A sua eficácia depende dos elementos estruturais e práticas de Gestão:

Elementos estruturais:
1. Árvore de contributos – definidos em cascata: qual o contributo que esta equipa tem de dar para que a organização como um todo possa dar o que pode dar?

2. Matriz de conhecimento operacional – saber como se cria valor. Temos de ter indicadores mas temos de depois ter formas de intervenção (de corrigir a performance)[5]. Que variáveis afectam cada indicador? O que podemos fazer para gerir cada variável?

3. Definição de processos e funções – o que é que cada um faz e como? A definição de funções não pode ser feita de forma atomística. Não pode ser isolada. Temos de perceber como é que umas se interligam com as outras e manter sempre presente o que se pretende com o resultado final: o processo tem de ser focado no cliente.[6]
- Como vamos prestar esse serviço? (processo tem de ser eficiente)
- Cada função tem de ser vista como uma unidade de contributo para o resultado final.

4.  Definição de competências:
- Instrumentais (performance)
- Estratégicos (valores e formas de estar que são valorizados na empresa).

Práticas de Gestão:
1. Estabelecimento de objectivos – Costuma-se dizer que os objectivos devem ser SMART. Mas não chega. Também têm de ser:
· integrados verticalmente (caso contrário, desfocalizamo-nos do resultado pretendido)
·  calibrados (têm de ser possíveis de atingir)
·  incentivar o comprometimento (não pode ser aceites apenas pelo líder. A equipa tem de estar envolvida)

2. Planeamento – “o que posso fazer para que os resultados aconteçam?” Esta questão deveria ser colocada aos gestores. Como não é, estes dedicam-se a arranjar justificações para não terem atingido o resultado. Isto não cria valor! Mas é a estratégia adoptado pela maior parte dos gestores.

3.  Monitorização de resultados Principal questão não é “o que é que eu tenho de medir” mas sim “que problema é que eu tenho de resolver” e depois “como é que eu posso medir o progresso nesse problema”. Isso é feito através de indicadores de desempenho (KPIs). Costuma-se dizer que os KPIs são como cockpit de um avião. O piloto tem um manancial de indicadores mas está especialmente atento a 2 ou 3 considerados críticos. Mas isso não quer dizer que não esteja atento aos outros indicadores. Os indicadores permitem identificar desvios e definir o que vai ser feito para os corrigir (caso contrário não é controlo; é autopsia). Mas depois é preciso obter feedback responsabilizante (na fase das entrevistas)

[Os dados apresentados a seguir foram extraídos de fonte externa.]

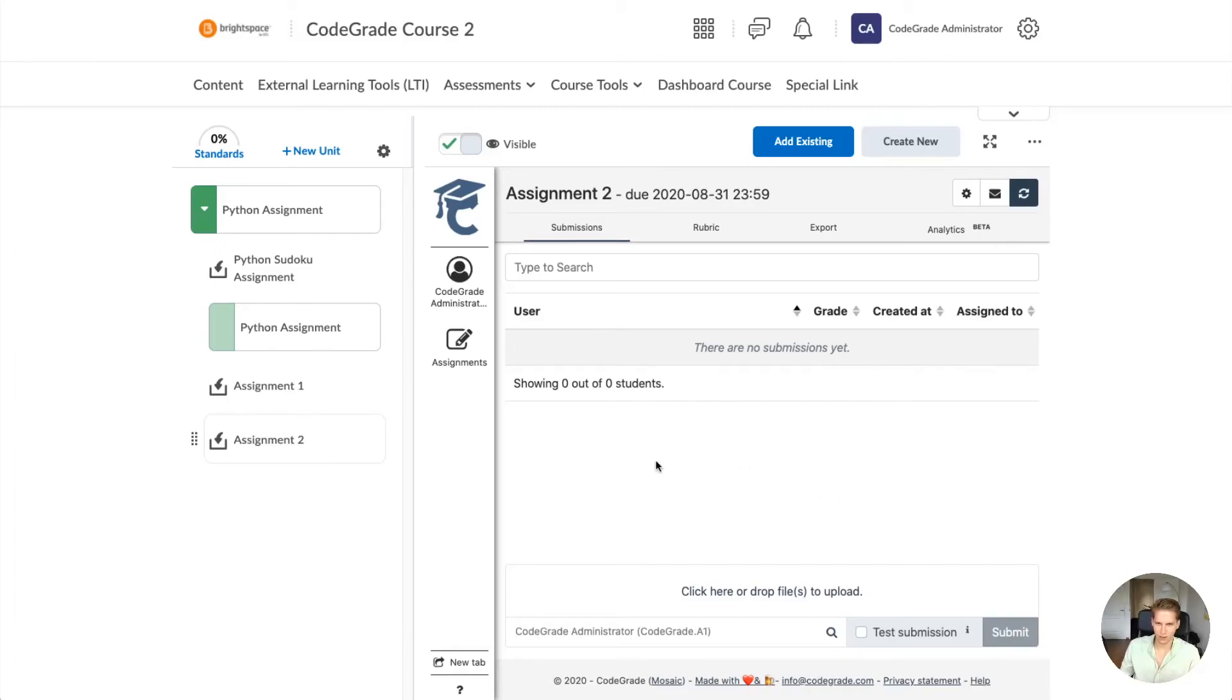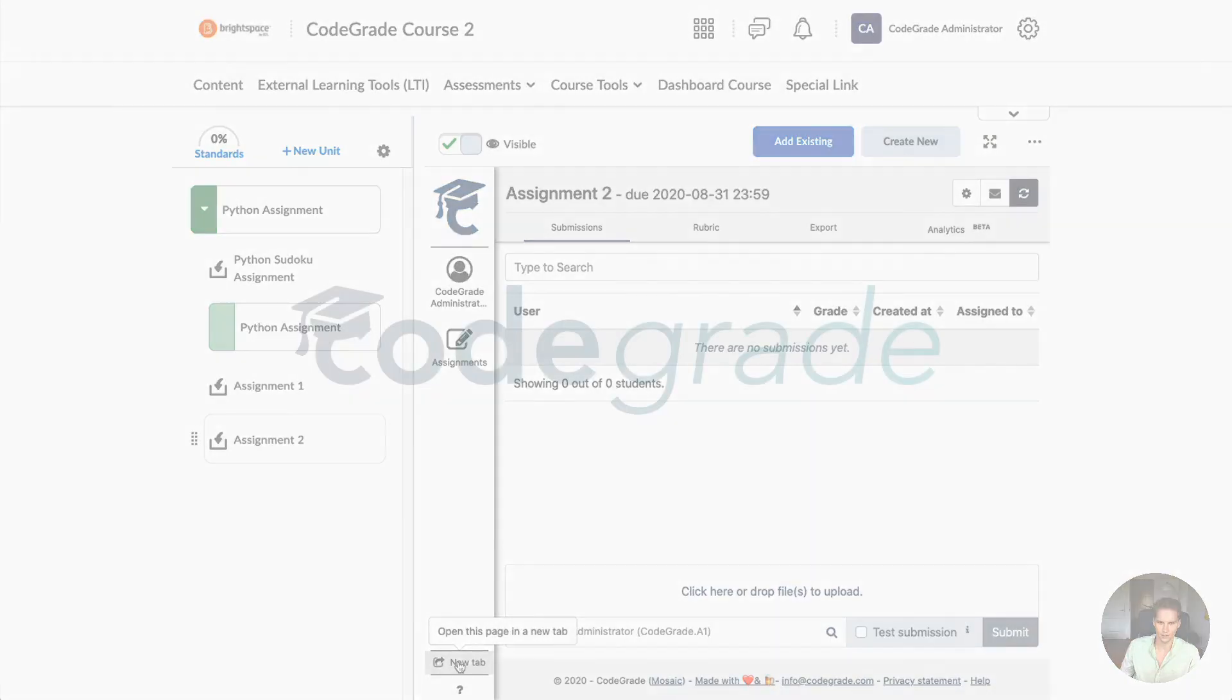Keep in mind that if you'd like to have a bigger window, you can either press the full screen button in the top right or use the new tab button to log into CodeGrade on the standalone version.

4. Entrevista de avaliação de desempenho – Segundo o Porf., “tenho muitas dúvidas que as pessoas sejam capazes de avaliar objectivamente o seu desempenho”. Logo, o objectivo da entrevista não é/ não pode ser discutir a avaliação – mas antes dar feed-back responsabilizante. Para tanto, deve-se utilizar dados objectivos (factos e números) apenas para sustentar as conclusões da avaliação (caso contrário, corremos o risco de acabar a discutir “a personalidade do colaborador” e desviarmo-nos do objectivo da entrevista). O objectivo é melhorar a performance do colaborador no período seguinte. Não se trata de censurar nem de encontrar desculpas. A troca de impressões deve ser orientada para a resolução de problemas e para compreender por que razão determinados objectivos foram ou não alcançado. Porquê? Porque a experiencia, só por si, não ensina nada. É preciso ajudar a retirar conclusões e ensinamentos - para que, da próxima, o trabalhador possa agir de forma mais eficiente e eficaz.
As pessoas são avessas à crítica. O escritor inglês Somerset Maugham dizia: People ask you for criticism, but they only want praise”. Criticar sem ofender é uma das artes mais difíceis do mundo. Para evitar que as pessoas se ponham na defensiva, geralmente, usa-se a “técnica da sandwich[7], “para acabarmos todos amigos”. Isso é ASNEIRA! Não posso criticar e depois acabar a entrevista transmitindo a ideia que “afinal está tudo bem!”. A interpretação da realidade é feita assimilando blocos de informação, pelo que – se agirmos de um modo dúbio – corremos o risco de o colaborador acabar por registar apenas a “parte final do bloco”. O objectivo é que o trabalhador, ao sair da entrevista, saiba onde como e quando vai adoptar acções de melhoria. Temos de terminar com “então, como é que vamos melhorar/alterar o desempenho? Como e quando?” Temos de incentivar à acção.[8] Isso é mais fácil se o colaborador e o responsável tiverem estabelecido de comum acordo as acções a tomar.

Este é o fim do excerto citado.